__Recorded information__.
╔══

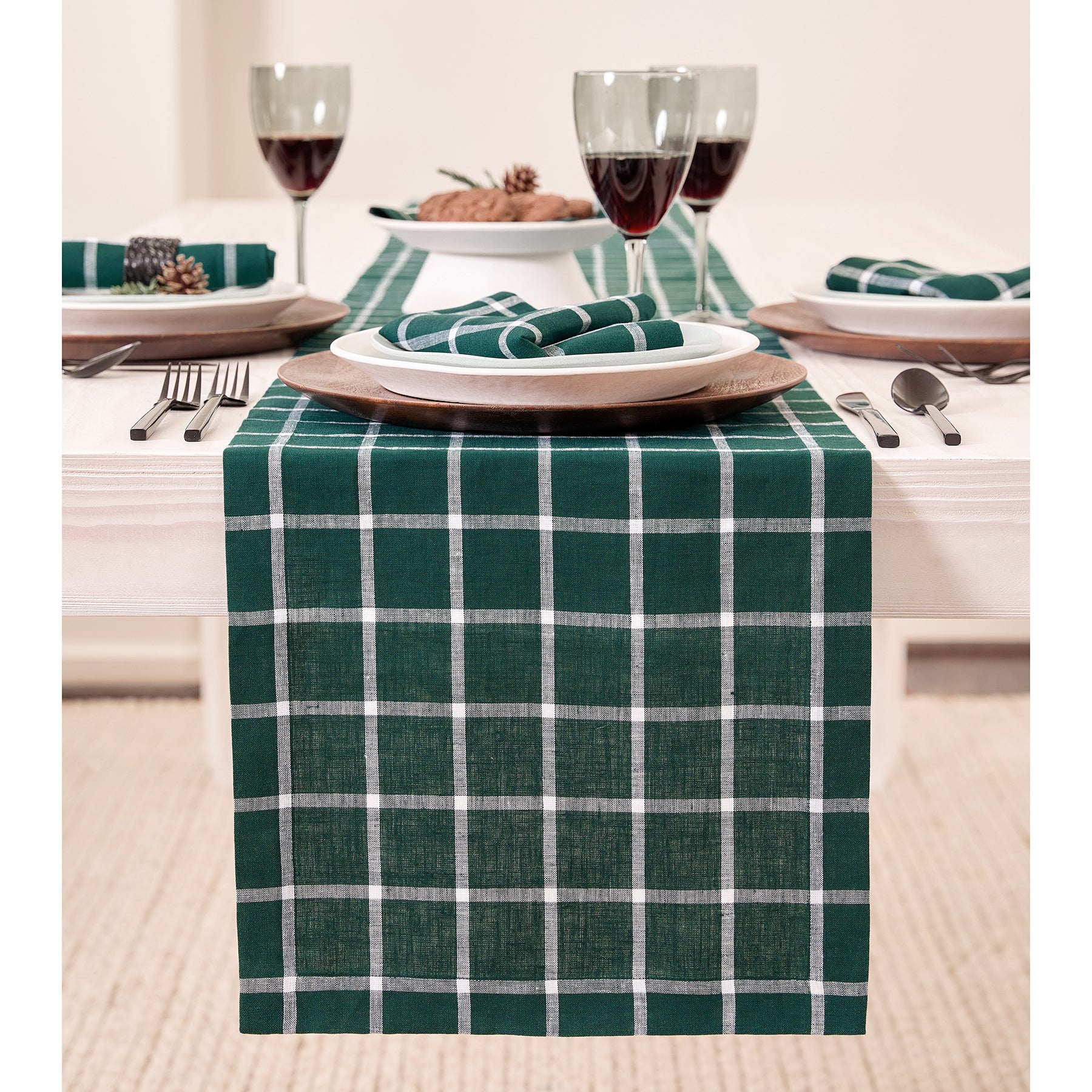 Elegant Windowpane Table Runner - White Linen Rectangular Dining Table Decor for Wedding, Christmas & Holiday Parties - Perfect for Farmhouse, Rustic & Modern Home Decor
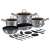 Berlinger Haus Moonlight Edition 17-piece cookware set with pots, pans, knives, and utensils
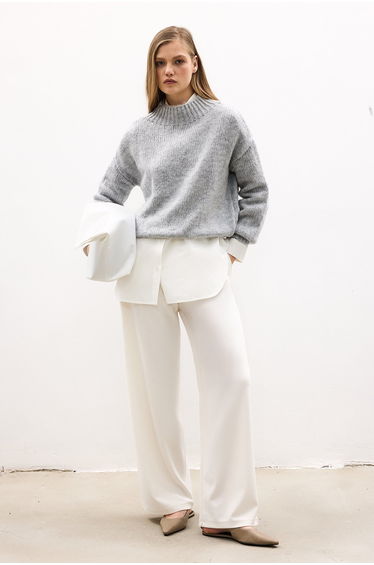 BALLOON SLEEVE KNITTED SWEATER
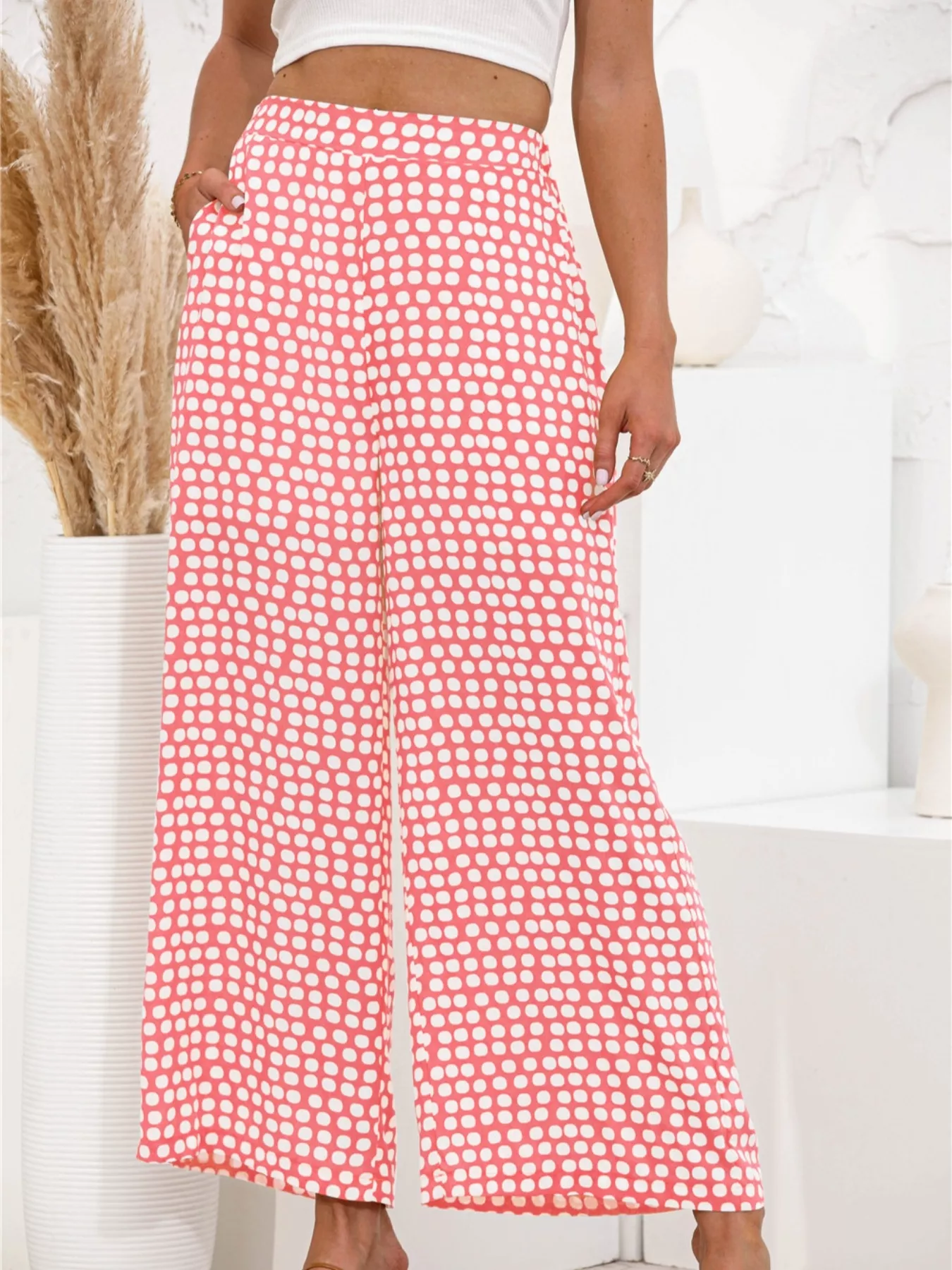 Polka Dot Wide Leg Pants - Image 3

╚══

Would you copy each line above exactly as given, dropping any images?

 Elegant Windowpane Table Runner - White Linen Rectangular Dining Table Decor for Wedding, Christmas & Holiday Parties - Perfect for Farmhouse, Rustic & Modern Home Decor
 Berlinger Haus Moonlight Edition 17-piece cookware set with pots, pans, knives, and utensils
 BALLOON SLEEVE KNITTED SWEATER
 Polka Dot Wide Leg Pants - Image 3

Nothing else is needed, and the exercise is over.